→ Description of the task: Retype every entry exactly, down to the last character.

→ Recorded information:
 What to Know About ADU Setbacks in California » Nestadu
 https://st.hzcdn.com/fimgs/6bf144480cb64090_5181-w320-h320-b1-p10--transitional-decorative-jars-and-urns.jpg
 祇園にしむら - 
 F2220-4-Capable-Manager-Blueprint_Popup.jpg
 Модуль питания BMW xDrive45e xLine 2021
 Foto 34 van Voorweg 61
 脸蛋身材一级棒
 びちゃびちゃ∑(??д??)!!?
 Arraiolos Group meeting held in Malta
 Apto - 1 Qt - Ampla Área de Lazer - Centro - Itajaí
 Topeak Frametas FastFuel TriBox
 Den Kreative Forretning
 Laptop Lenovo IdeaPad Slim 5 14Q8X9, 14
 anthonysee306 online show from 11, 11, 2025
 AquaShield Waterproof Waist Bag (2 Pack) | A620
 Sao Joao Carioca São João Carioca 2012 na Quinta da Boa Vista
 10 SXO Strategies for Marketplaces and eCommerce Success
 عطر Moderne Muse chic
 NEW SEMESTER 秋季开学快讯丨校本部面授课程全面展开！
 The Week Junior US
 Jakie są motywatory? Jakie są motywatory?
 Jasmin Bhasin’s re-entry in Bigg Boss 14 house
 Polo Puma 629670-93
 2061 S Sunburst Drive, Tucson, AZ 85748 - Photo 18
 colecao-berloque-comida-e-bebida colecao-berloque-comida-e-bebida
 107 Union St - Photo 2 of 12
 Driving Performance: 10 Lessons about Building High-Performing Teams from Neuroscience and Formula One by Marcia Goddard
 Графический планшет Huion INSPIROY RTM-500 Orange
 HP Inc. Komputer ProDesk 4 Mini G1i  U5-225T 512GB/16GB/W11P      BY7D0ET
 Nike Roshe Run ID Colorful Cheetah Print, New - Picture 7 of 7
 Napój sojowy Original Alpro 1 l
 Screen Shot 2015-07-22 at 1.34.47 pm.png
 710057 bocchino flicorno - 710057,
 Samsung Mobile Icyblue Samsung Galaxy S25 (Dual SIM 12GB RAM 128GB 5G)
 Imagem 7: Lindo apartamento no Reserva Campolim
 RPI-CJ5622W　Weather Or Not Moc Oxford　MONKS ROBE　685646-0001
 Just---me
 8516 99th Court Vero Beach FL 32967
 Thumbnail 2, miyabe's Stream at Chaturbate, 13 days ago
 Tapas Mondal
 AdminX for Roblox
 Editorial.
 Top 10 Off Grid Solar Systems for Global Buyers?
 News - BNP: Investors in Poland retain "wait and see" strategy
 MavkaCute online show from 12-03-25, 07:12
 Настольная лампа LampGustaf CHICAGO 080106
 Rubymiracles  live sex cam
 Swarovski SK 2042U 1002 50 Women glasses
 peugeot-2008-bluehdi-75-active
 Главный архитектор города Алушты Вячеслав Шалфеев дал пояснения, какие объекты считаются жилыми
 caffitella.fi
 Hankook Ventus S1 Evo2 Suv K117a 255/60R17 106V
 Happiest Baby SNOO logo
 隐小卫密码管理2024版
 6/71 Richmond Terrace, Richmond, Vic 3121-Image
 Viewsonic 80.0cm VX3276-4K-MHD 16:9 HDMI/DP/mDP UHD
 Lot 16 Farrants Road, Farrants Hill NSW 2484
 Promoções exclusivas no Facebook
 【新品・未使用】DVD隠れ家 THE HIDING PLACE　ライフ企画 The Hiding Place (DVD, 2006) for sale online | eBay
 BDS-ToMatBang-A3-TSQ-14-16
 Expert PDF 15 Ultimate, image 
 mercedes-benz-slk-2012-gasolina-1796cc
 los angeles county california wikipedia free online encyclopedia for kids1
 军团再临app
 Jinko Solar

→ Answer box:
 What to Know About ADU Setbacks in California » Nestadu
 https://st.hzcdn.com/fimgs/6bf144480cb64090_5181-w320-h320-b1-p10--transitional-decorative-jars-and-urns.jpg
 祇園にしむら - 
 F2220-4-Capable-Manager-Blueprint_Popup.jpg
 Модуль питания BMW xDrive45e xLine 2021
 Foto 34 van Voorweg 61
 脸蛋身材一级棒
 びちゃびちゃ∑(??д??)!!?
 Arraiolos Group meeting held in Malta
 Apto - 1 Qt - Ampla Área de Lazer - Centro - Itajaí
 Topeak Frametas FastFuel TriBox
 Den Kreative Forretning
 Laptop Lenovo IdeaPad Slim 5 14Q8X9, 14
 anthonysee306 online show from 11, 11, 2025
 AquaShield Waterproof Waist Bag (2 Pack) | A620
 Sao Joao Carioca São João Carioca 2012 na Quinta da Boa Vista
 10 SXO Strategies for Marketplaces and eCommerce Success
 عطر Moderne Muse chic
 NEW SEMESTER 秋季开学快讯丨校本部面授课程全面展开！
 The Week Junior US
 Jakie są motywatory? Jakie są motywatory?
 Jasmin Bhasin’s re-entry in Bigg Boss 14 house
 Polo Puma 629670-93
 2061 S Sunburst Drive, Tucson, AZ 85748 - Photo 18
 colecao-berloque-comida-e-bebida colecao-berloque-comida-e-bebida
 107 Union St - Photo 2 of 12
 Driving Performance: 10 Lessons about Building High-Performing Teams from Neuroscience and Formula One by Marcia Goddard
 Графический планшет Huion INSPIROY RTM-500 Orange
 HP Inc. Komputer ProDesk 4 Mini G1i  U5-225T 512GB/16GB/W11P      BY7D0ET
 Nike Roshe Run ID Colorful Cheetah Print, New - Picture 7 of 7
 Napój sojowy Original Alpro 1 l
 Screen Shot 2015-07-22 at 1.34.47 pm.png
 710057 bocchino flicorno - 710057,
 Samsung Mobile Icyblue Samsung Galaxy S25 (Dual SIM 12GB RAM 128GB 5G)
 Imagem 7: Lindo apartamento no Reserva Campolim
 RPI-CJ5622W　Weather Or Not Moc Oxford　MONKS ROBE　685646-0001
 Just---me
 8516 99th Court Vero Beach FL 32967
 Thumbnail 2, miyabe's Stream at Chaturbate, 13 days ago
 Tapas Mondal
 AdminX for Roblox
 Editorial.
 Top 10 Off Grid Solar Systems for Global Buyers?
 News - BNP: Investors in Poland retain "wait and see" strategy
 MavkaCute online show from 12-03-25, 07:12
 Настольная лампа LampGustaf CHICAGO 080106
 Rubymiracles  live sex cam
 Swarovski SK 2042U 1002 50 Women glasses
 peugeot-2008-bluehdi-75-active
 Главный архитектор города Алушты Вячеслав Шалфеев дал пояснения, какие объекты считаются жилыми
 caffitella.fi
 Hankook Ventus S1 Evo2 Suv K117a 255/60R17 106V
 Happiest Baby SNOO logo
 隐小卫密码管理2024版
 6/71 Richmond Terrace, Richmond, Vic 3121-Image
 Viewsonic 80.0cm VX3276-4K-MHD 16:9 HDMI/DP/mDP UHD
 Lot 16 Farrants Road, Farrants Hill NSW 2484
 Promoções exclusivas no Facebook
 【新品・未使用】DVD隠れ家 THE HIDING PLACE　ライフ企画 The Hiding Place (DVD, 2006) for sale online | eBay
 BDS-ToMatBang-A3-TSQ-14-16
 Expert PDF 15 Ultimate, image 
 mercedes-benz-slk-2012-gasolina-1796cc
 los angeles county california wikipedia free online encyclopedia for kids1
 军团再临app
 Jinko Solar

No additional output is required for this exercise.